■ Your goal ■
Repeat exactly, and only, the lines below starting at the line that contains "DIY CO2 10 gallon aquarium" and ending at the line that contains "Técnica Nueva!!! Gran", inclusive of both.

■ Dataset entries ■

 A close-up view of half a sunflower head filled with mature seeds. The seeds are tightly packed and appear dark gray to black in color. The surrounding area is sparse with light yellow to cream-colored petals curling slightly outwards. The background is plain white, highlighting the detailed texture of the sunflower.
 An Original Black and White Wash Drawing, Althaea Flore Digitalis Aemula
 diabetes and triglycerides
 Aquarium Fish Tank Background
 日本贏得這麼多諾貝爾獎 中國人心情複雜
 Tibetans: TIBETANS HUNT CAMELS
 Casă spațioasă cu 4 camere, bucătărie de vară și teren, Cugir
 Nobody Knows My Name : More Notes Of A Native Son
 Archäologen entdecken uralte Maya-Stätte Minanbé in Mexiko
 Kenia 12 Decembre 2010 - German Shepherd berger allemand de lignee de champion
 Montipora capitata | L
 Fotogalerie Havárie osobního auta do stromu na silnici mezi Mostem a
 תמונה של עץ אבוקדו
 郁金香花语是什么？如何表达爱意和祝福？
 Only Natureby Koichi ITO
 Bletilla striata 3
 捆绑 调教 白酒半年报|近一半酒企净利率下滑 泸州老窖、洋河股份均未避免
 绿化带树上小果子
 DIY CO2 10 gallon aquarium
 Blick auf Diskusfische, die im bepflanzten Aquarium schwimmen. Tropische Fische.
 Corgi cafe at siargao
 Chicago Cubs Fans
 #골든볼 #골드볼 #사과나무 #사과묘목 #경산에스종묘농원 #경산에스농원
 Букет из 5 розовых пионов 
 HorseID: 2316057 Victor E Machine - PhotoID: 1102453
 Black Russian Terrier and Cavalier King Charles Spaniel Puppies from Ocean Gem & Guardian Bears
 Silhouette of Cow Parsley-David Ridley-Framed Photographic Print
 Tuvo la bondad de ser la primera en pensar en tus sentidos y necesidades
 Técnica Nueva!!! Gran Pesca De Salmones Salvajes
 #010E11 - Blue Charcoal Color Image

■ Exercise response ■
 DIY CO2 10 gallon aquarium
 Blick auf Diskusfische, die im bepflanzten Aquarium schwimmen. Tropische Fische.
 Corgi cafe at siargao
 Chicago Cubs Fans
 #골든볼 #골드볼 #사과나무 #사과묘목 #경산에스종묘농원 #경산에스농원
 Букет из 5 розовых пионов 
 HorseID: 2316057 Victor E Machine - PhotoID: 1102453
 Black Russian Terrier and Cavalier King Charles Spaniel Puppies from Ocean Gem & Guardian Bears
 Silhouette of Cow Parsley-David Ridley-Framed Photographic Print
 Tuvo la bondad de ser la primera en pensar en tus sentidos y necesidades
 Técnica Nueva!!! Gran Pesca De Salmones Salvajes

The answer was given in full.